The food industry has witnessed a surge in interest in plant-based and alternative protein products in recent years, reflecting a shift towards more environmentally friendly and ethical food options.

Beyond its environmental merits, 'beef rice' is designed to be a practical and convenient protein source for consumers.

The creators highlight its versatility in various dishes, from stir-fries to casseroles, providing a seamless integration into a wide range of culinary preferences.

The product aims to appeal not only to those seeking sustainable alternatives but also to individuals who appreciate the familiar taste and texture of traditional beef in their meals.

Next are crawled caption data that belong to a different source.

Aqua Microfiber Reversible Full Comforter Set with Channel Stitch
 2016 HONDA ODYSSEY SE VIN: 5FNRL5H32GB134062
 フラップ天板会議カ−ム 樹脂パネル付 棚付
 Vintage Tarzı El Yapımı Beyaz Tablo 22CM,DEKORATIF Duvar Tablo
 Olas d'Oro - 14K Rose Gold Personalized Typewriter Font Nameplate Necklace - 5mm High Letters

Their calculations suggest that producing 100g of protein from hybrid rice would release less than 6.27kg of carbon dioxide, in contrast to nearly 50kg of beef protein.

Moreover, they estimate hybrid rice to be more cost-effective, with a projected price of £1.80 per kg compared to £12 per kg for beef.

Beyond sustainability and affordability, the researchers anticipate hybrid rice could address emergency food supplies in famine-stricken regions and serve as rations for astronauts and the military.

The initial batches of hybrid rice involved muscle and fat cells from Hanwoo cattle, but the team is exploring sustainable cell supplies that don't require additional animals.

While some experts express scepticism about the impact of rice due to its low percentage of cultivated beef cells, others see promise in its potential to provide animal nutrients with significantly lower greenhouse gas emissions and reduced costs, offering a pathway to healthier and more climate-friendly diets in the future.

However, the introduction of lab-grown 'beef rice' is not without challenges and considerations.

Consumer acceptance, regulatory approvals and scalability of production are key factors that will influence the product's success in the market.

Overcoming the 'novelty' stigma associated with lab-grown meats and ensuring competitive pricing will be critical in gaining widespread consumer adoption.

As environmental consciousness grows and dietary preferences evolve, innovative solutions like 'beef rice' could play a pivotal role in shaping a more sustainable and ethical future for the food industry.